The Data Center Density Debate: Generational Change Brings Higher Densities (datacenterfrontier.com)
1sockchuck writes: Over the past decade, there have been repeated predictions of the imminent arrival of higher rack power densities. Yet extreme densities have remained focused in high performance computing. Now data center providers are beginning to adapt their designs for higher densities. One of these companies is Colovore, which is among a cliuster of companies adopting chilled-water cooling doors for their cabinets (LinkedIn is another). They say the move to higher densities is driven in part by a generational change in IT teams, as younger engineers are less worried about high-density strategies using water in the data center. "A lot of them grew up with PC gaming and water cooling right in their living room," said a Colovore executive.
Speaking from experience here running an HPC system with water cooled doors on the back of my racks for just shy of four years now. My personal view point is if you are not doing racks with water cooled doors then you need the sack unless you are using one of the in rack water cooling systems.
There is no pump in the rack/door. You hook up to the cool water supply that is coming from the chillers, and they provide the "pump". You are no worse off than before with air handling units in the room which also don't have pumps in them.
The doors we use have a number of large aka ~400mm diameter fans in the back that spin relatively slowly, and these are N+1 redundant. Besides that they are the sorts of fans than can spin for decades before going wrong.
The other advantage of having the cooling in the doors is that you save floor space in the room as you don't have to so many air handling units in the room.
The first point to note is you probably still need some air cooling in the room. Things like tape libraries don't come with water cooled doors for example. Though there is an argument that the tape libraries should go somewhere other than you data centre.
The second problem is suppliers that want to sell you something prepackaged in a rack that is not water cooled. Trying to explain to them that you don't want their shitty none water cooled rack is in my experience is like taking to a brick wall. Another reason why you probably still need air handling units. That said our doors are currently providing net cooling to the room, that is inlet temperature at the front of the rack is higher than the outlet temperature at the back.
The third problem is strip off to tee shirt and shorts if you open the rack door while the system is going full tilt, it can be sufficiently hot.

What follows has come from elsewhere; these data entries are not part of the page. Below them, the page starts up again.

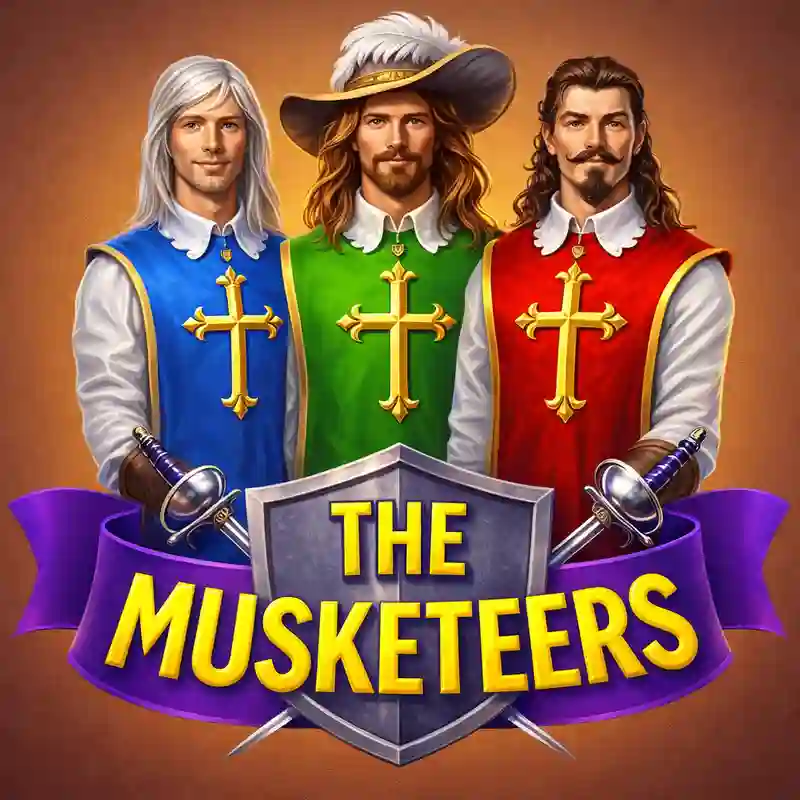 Musketeers slot game sa 747bet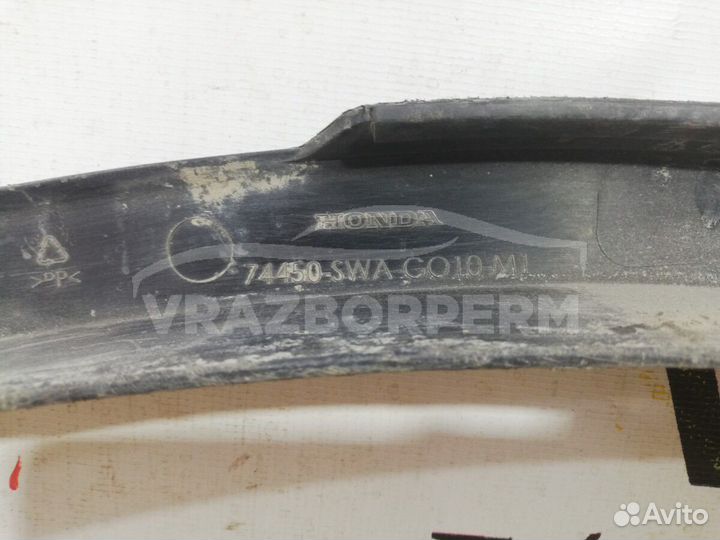Накладка на крыло Honda CR-V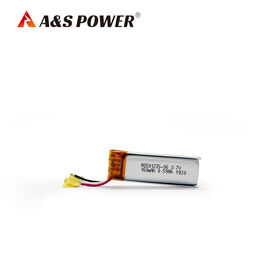 Batterie Lipo Rechargeable Haute Performance 401230 3.7V 120mAh de Usine OEM Certifiée UL1642 CB UN38.3 pour Appareils Portables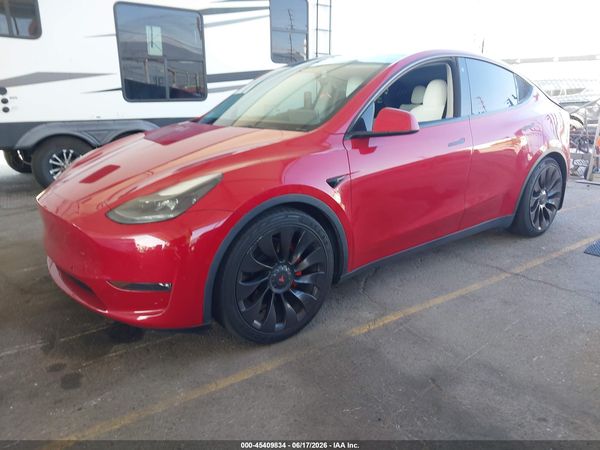2022 TESLA MODEL Y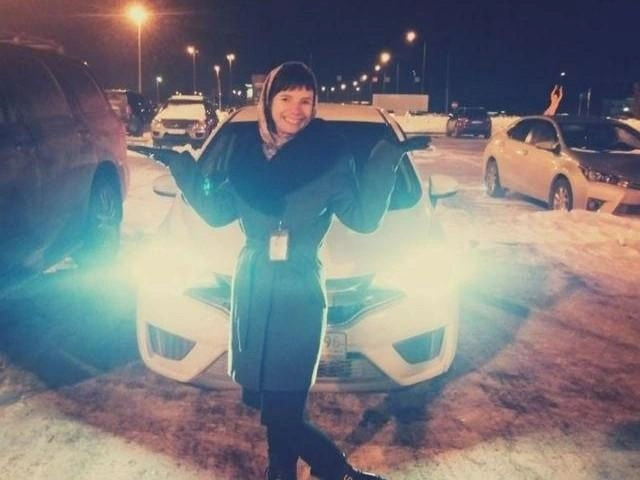 Автомобиль Алена получила в подарок на Новый год | Источник: личный архив читательницы E1.RU Алены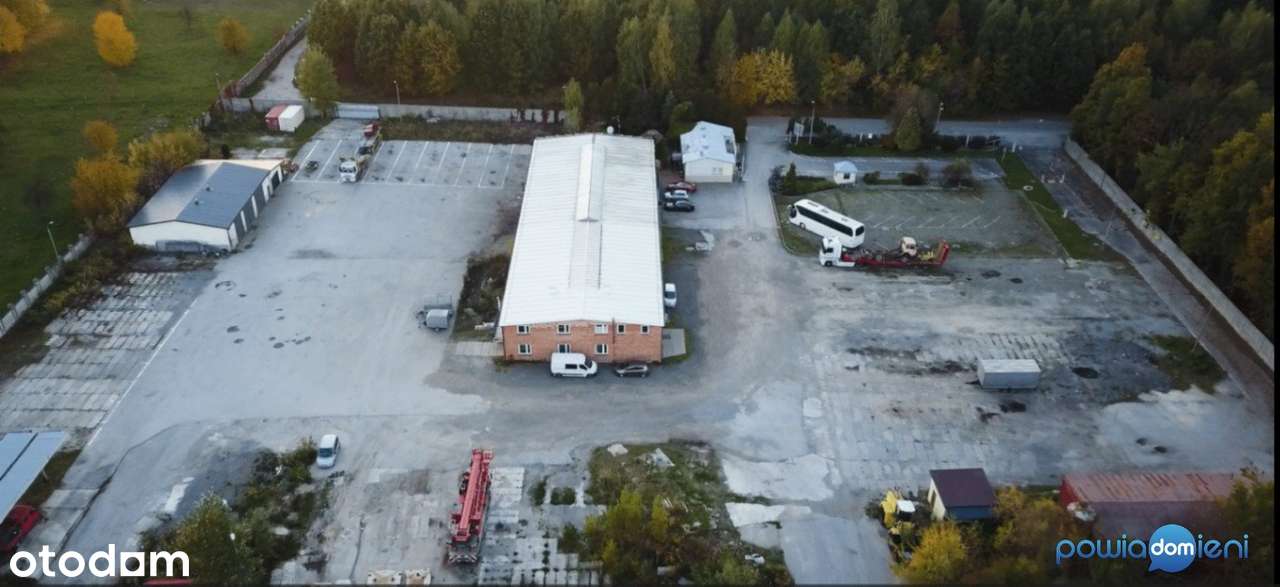Hala przemysłowo-usługowa w Radomiu przy trasach wylotowych - Pełny obrazek: 5/10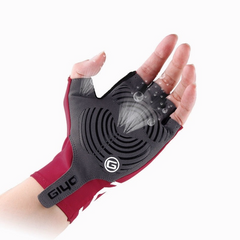 Anti Slip Gel Pad Bicycle Short Half Finger Breathable Outdoor Sports Men MTB Bikes Gloves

Now go crawl back under your rock and stop spouting nonsense about things you clearly know nothing about.
Redundancy for pumps is easy at data center scales, but the very real problem over non-trivial equipment lives is leaks.
Way back when, we used concrete pumping hoses for chilled water to CRAC units, to facilitate relocation of the units and reduce the risk of leaks after an earthquake. Worked pretty well, they had a huge safety factor compared to concrete pressures, and they were easy to test before placing into service. Seismic performance was very predictable, and it all worked well. Then, a bad (metallurgicly) batch of fittings came in, and two or three years into operation the fittings separated from the hoses and two or three floors of data center were flooded.
Same things have happened to copper pipes, victaulic fittings and welded connections on steel pipes, PEX pipes... everything imaginable.
Water cooling is great, but there are a lot of weak links in the chain from a risk management perspective.
Shame nothing ever came of HP's technology to "print" water droplets on the die and use some latent cooling in data centers.